Question

A federal report found that a lie detector test given to someone telling the truth will suggest that they lied in about 20% of cases. A company asks the 11 job applicants for a new position about thefts from previous employers. (a) What is the probability that the lie detector indicates that at least one of the applicants is lying

Answer 1

Answer:

$0.055$

Step-by-step explanation:

Let $p$ be the probability of lying an applicant, so,  $p=20 \%$.

$\Rightarrow p=\frac {20}{100}=\frac {1}{5}\;\cdots (i)$

Any applicant will either lie or will tell the truth.

Let $q$ be the probability of telling the truth, so, $q= 1-\frac {1}{5}$

$\Rightarrow q=\frac {4}{5}$

As for every applicant $p+q=1$, so this is Bernoullies trials, for which

the probability of success of exactly $x$ times of an event out of $n$ trials is $P(x)=\binom {n}{x} p^xq^{n-x}\; \cdots (iii)$.

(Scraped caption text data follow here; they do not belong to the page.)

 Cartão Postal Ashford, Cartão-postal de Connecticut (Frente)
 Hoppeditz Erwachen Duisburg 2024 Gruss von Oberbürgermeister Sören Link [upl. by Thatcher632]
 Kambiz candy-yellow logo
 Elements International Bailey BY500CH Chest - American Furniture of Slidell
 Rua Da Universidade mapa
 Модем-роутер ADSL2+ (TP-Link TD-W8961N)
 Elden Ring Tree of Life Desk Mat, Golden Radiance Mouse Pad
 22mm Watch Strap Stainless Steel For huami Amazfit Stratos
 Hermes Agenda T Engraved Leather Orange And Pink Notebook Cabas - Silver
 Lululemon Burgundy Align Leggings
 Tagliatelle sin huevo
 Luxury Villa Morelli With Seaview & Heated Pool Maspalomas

Now, let $E$ be the event of at least one of the applicants is lying out of $11$ applicants, here the total number of applicants, $n=11$.

So, $P(E)= P(x=1)+ P(x=2)+\cdots+ P(x=11)$

This is equivalent to

$P(E)=1-P(x=0)$ as$[P(x=0)+P(x=1)+ P(x=2)+\cdots+ P(x=11)=1]$

Now, from equation (iii),

$P(E)=1-\binom {11}{0} p^0q^{11-0}$

$\Rightarrow P(E)=1-11\left(\frac {1}{5}\right)^0\left(\frac {4}{5}\right)^{11}$   [from equations s (i) and (ii)]

$\Rightarrow P(E)=1-11\times 1 \times \left(\frac {4}{5}\right)^{11}$

$\Rightarrow P(E)=1-0.945$ (approx)

$\Rightarrow P(E)=0.055$

Hence, the probability that the lie detector indicates that at least one of the applicants is lying is $0.055.$